Кто-то из соседнего города, здраво сообразил похмелившийся Чернов, кто-то из дальних или ближних родичей, так сказать, соотечественников и соплеменников.

Сообразил так и бочком-бочком, стараясь не сильно себя обнаруживать, посеменил по краешку площади ближе к высокодоговаривающимся сторонам: поглазеть и ничего кроме. Сейчас у него что-нибудь кроме не получилось бы по причине крайней степени отупения, но тем не менее витала где-то в прозрачной поутру башке крамольная мыслишка: а обе ли стороны рады друг другу одинаково? Может, одна — то есть вефильская — сторона рада, а вторая — вовсе не очень. И то можно понять: жили себе жили, не тужили, извините за народную рифму, а тут — нате вам: пропавшие родственнички заявились. Голодные и плохо одетые. Кому это по душе придется, а?… То-то и оно…

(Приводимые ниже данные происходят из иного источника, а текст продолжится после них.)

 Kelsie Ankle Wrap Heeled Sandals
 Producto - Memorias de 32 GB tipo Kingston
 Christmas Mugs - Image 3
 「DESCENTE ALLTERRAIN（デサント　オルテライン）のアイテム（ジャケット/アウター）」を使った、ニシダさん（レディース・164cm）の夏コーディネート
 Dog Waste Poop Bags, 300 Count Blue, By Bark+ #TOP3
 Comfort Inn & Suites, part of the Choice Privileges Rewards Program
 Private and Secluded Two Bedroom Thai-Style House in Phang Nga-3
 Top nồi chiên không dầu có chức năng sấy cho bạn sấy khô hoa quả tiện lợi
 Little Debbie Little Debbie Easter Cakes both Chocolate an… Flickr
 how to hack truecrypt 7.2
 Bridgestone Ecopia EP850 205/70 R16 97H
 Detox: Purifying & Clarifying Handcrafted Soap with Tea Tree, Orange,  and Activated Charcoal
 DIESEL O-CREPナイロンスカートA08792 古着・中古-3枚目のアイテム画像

Однако остановился Чернов поодаль, но так, чтобы разговор слышать, присел на корточки, постарался прикинуться кустом, кактусом, неизвестным здесь растением перекати-поле. Отметил: не один здесь — зритель. Поодаль, там, где улицы втекали в площадь, толпились горожане. Не подходили ближе. Робели, видать. Или известный здесь ритуал не позволял посторонним слушать ритуальные тексты. И еще увидел Чернов: Кармель все-таки засек его, повел бешеным глазом, но не сказал ни слова. Поэтому Чернов так и остался на корточках — перекати-полем.